• _Work to complete_: Write the listing out again word for word, excluding any pictures.

• _Stored data_:
......

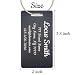 jakilee Personalized Luggage Tags, 2X3.8 Inche Engraved Aluminum Metal Custom Luggage Tags for Suitcases, Backpacks/Bags, Customized Name Address Tag for Travel (Black)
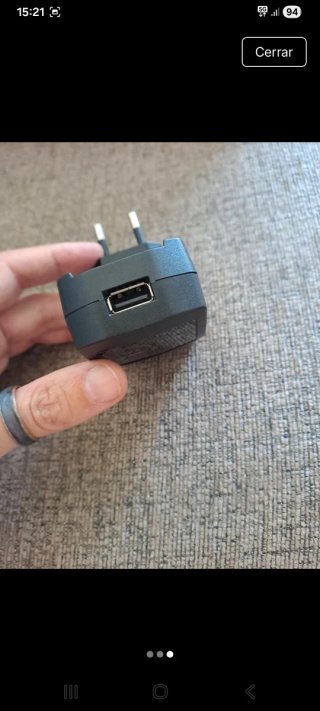 Cargador Garmin Enchufe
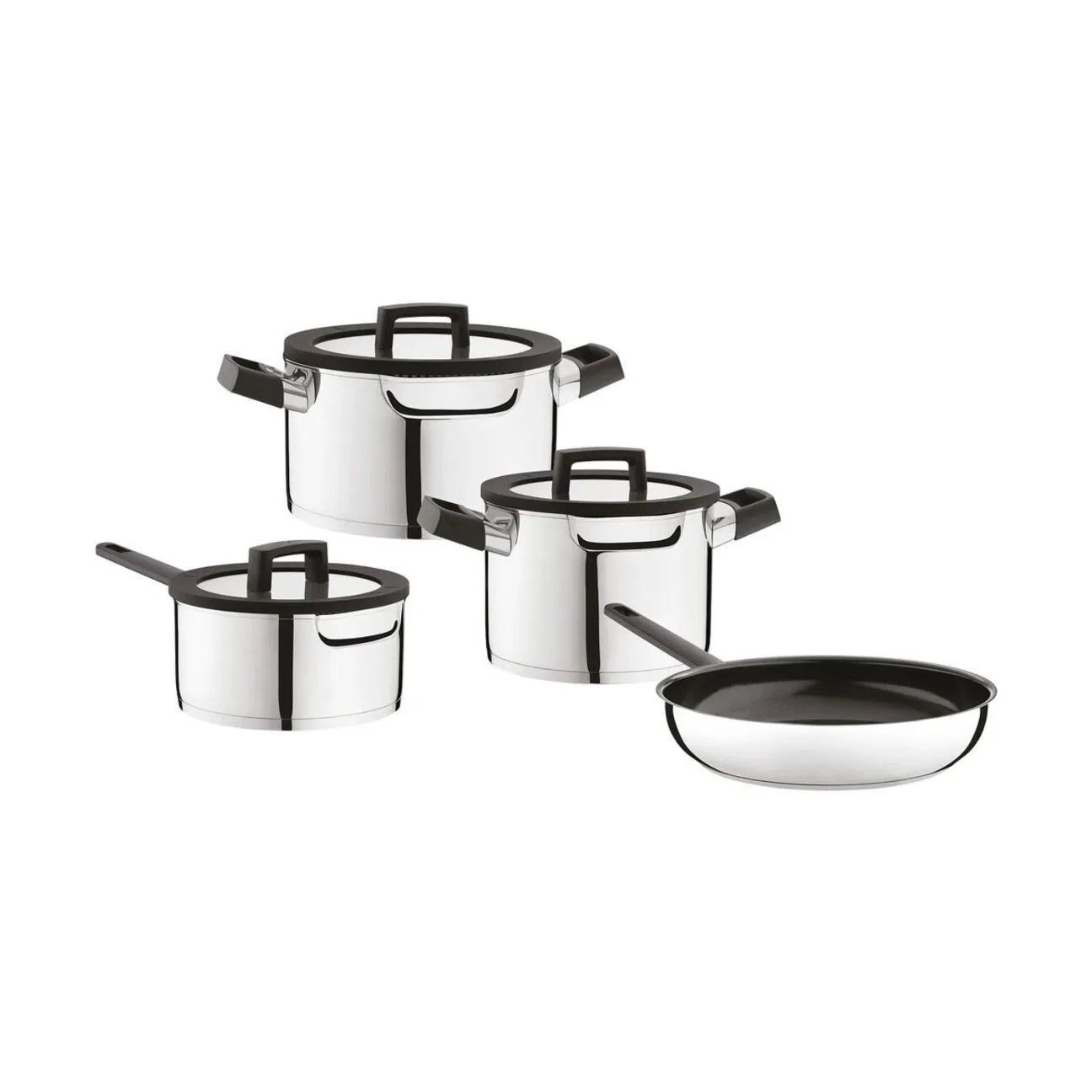 BergHOFF Stegepander Uqonic Downdraft Gryde- og pandesæt - 7 dele i Grå, 1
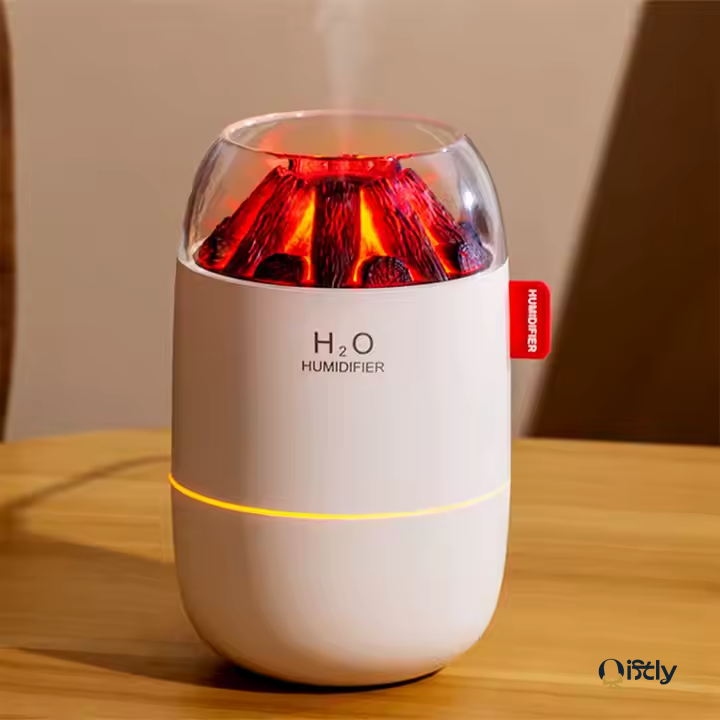 Firewood Flame Humidifier + Aroma Diffuser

......

• _Task answer_:
 jakilee Personalized Luggage Tags, 2X3.8 Inche Engraved Aluminum Metal Custom Luggage Tags for Suitcases, Backpacks/Bags, Customized Name Address Tag for Travel (Black)
 Cargador Garmin Enchufe
 BergHOFF Stegepander Uqonic Downdraft Gryde- og pandesæt - 7 dele i Grå, 1
 Firewood Flame Humidifier + Aroma Diffuser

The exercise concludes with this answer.